Reputation: 541
I have a command line application. The issue I am facing is that sometimes the users of that application close directly the terminal in which our application is running that also using the below command:
kill -9 pid_of_parent_console
I the above case our application should close gracefully by doing all the necessary cleanup. For that I wrote a signal handler for handling SIGHUP signal as when controlling terminal of process exits it sends SIGHUP to processes running under it, which we have handled to exit our process gracefully.But the thing is if user open a terminal suppose that is by default bash and then he again types bash command in it then run our application and if suppose kills that applications parent process that is bash executed manually after opening terminal then our application doesn't gets SIGHUP and does not exit gracefully.For simplicity I have written the below code which reproduces the issue:
#include <stdio.h>
#include <signal.h>
FILE *fp = NULL;
int flag = 1;
void handler(int signum)
{
flag = 0;
}
int main()
{
signal(SIGHUP, handler);
// just for testing
fp = fopen("file", "w");
// loop terminates only when HUP is generated
while (flag);
// if SIGHUP is generated then code should reach here
// and write the below in file.
fprintf(fp, "SIGHUP Generated");
fclose(fp);
return 0;
}
For simplicity I am not using sigaction for handling signals.
What I have observed is that when I open a terminal and press tty command and note the name of stdin file associated with it, and then when in the same terminal if I enter bash command and again if I note down the stdin file associated with it using tty command, what I found out is that both the bash shells, one that opens by default when I launch terminal and one I manually opened by typing bash command in bash console share the same stdin file name.
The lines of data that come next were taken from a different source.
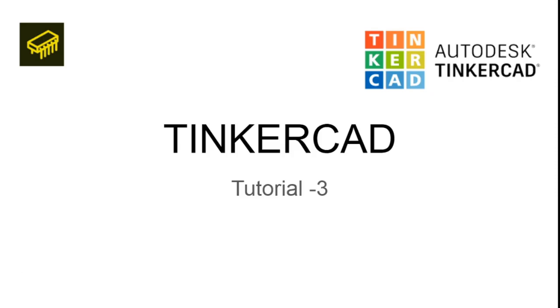Hello everyone. Welcome to Tinkercad tutorial series 3. So this is the third video of the Tinkercad tutorial.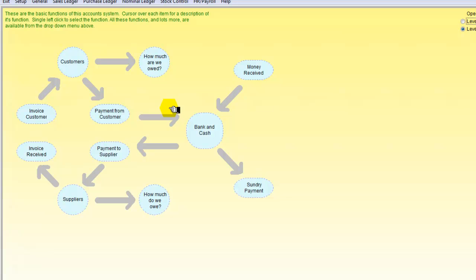So we now know how to rename a nominal account, how to add another nominal account, and how to delete a nominal account. Remember that when you add a nominal account, you've got to get in the correct groups.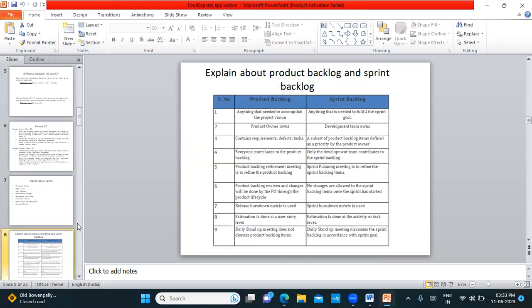The next question is about product backlog and sprint backlog. The product backlog is a document owned by the product owner that contains a list of all requirements, irrespective of which sprint they belong to. The sprint backlog is what you have for a specific sprint — it is owned by the development team and is a subset of the product backlog, since you're only pulling out a few user stories for that sprint. Differentiate these clearly in your answer.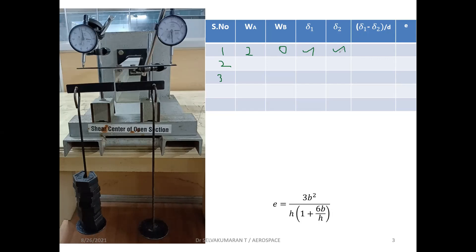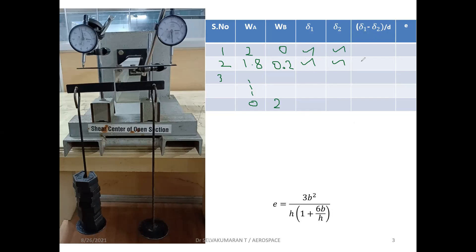So we are entering delta one and delta two. Then shift 200 grams (0.2 kg) to the right-hand side. So the weight on the left-hand side will be 1.8 kg. Note down delta one and delta two. Repeat until WA equals zero and WB equals 2 kg. Enter the readings delta one and delta two. Then compute delta one minus delta two divided by D — fill this column for all 10 readings.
So, due to which when I kill that second bash which is parent of my process the stdin file associated with it doesn't gets closed and I think thats why I am not receiving SIGHUP signal.
Is there any other way I can use to kill my process too gracefully when its controlling console gets killed.
Terminal emulator used: GNOME Terminal 2.31.3 Default shell: bash
Upvotes: 0
Views: 1068
Reputation: 30823
Regardless of the OS, SIGKILL
(i.e. signal -9
) is directly handled by the kernel and the process is killed before any userland handler had a chance to process anything. This is true for the Linux kernel just like the Solaris one.
There is then no way for the target process to protect itself against that signal (outside intercepting it on the sender side or in the kernel).
On the other hand, closing a terminal emulator window send an XEvent to it. Before exiting, the terminal emulator should probably send a SIGHUP signal to your process.